Perputaran Uang Lebaran 2026 Diproyeksi Tembus Rp190 Triliun, UMKM dan Transportasi Jadi Motor Utama

Ilustrasi uang rupiah pecahan Rp100.000 yang mencerminkan tingginya perputaran uang selama Lebaran 2026

Jakarta, TheNurakNews.idPerputaran uang Lebaran 2026 diproyeksikan menembus hingga Rp190 triliun, menjadikannya momentum ekonomi musiman terbesar yang berpotensi mendorong pertumbuhan nasional sekaligus membuka peluang besar bagi sektor UMKM, transportasi, dan pariwisata.

Proyeksi tersebut muncul di tengah tingginya mobilitas masyarakat selama Ramadan dan Idul Fitri. Pemerintah memperkirakan sekitar 143 hingga 144 juta orang akan melakukan perjalanan mudik tahun ini, dengan distribusi terbesar berada di Pulau Jawa.

Deputi Bidang Usaha Kecil Kementerian UMKM, Temmy Satya Permana, menyebut besarnya pergerakan masyarakat harus dimanfaatkan secara optimal oleh pelaku usaha kecil.

”Dengan data yang sedemikian besar calon konsumen yang akan datang ke lokasi-lokasi yang sedemikian besar wajib dimanfaatkan oleh UMKM,” ujar Temmy dalam acara di Jakarta, dikutip Selasa (17/3/2026).

Ia menambahkan, peluang tersebut terutama terbuka di titik-titik strategis seperti rest area, kawasan wisata, dan pusat perbelanjaan di daerah tujuan mudik. Namun, UMKM juga menghadapi tantangan serius karena harus bersaing dengan merek besar di lokasi yang sama.

Lonjakan Konsumsi dan Efek THR

Lonjakan perputaran uang Lebaran tidak lepas dari pencairan Tunjangan Hari Raya (THR) yang dilakukan dalam dua gelombang, yakni bagi aparatur sipil negara dan karyawan swasta.
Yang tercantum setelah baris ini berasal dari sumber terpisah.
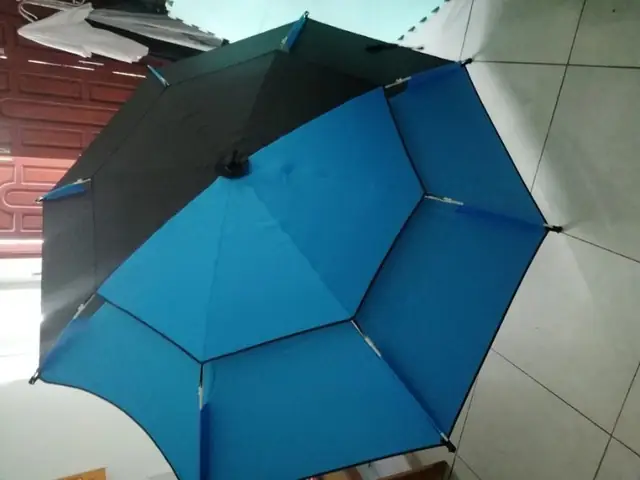 Tán Ô Câu 2m4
Skema ini memperpanjang periode belanja masyarakat atau extended spending window, sehingga menjaga likuiditas tetap tinggi sejak awal Ramadan hingga pasca-Lebaran.

Kamar Dagang dan Industri (Kadin) sebelumnya memproyeksikan perputaran uang berada di kisaran Rp148 triliun hingga Rp161 triliun, dengan asumsi rata-rata pengeluaran pemudik mencapai Rp4,1 juta hingga Rp4,5 juta per keluarga.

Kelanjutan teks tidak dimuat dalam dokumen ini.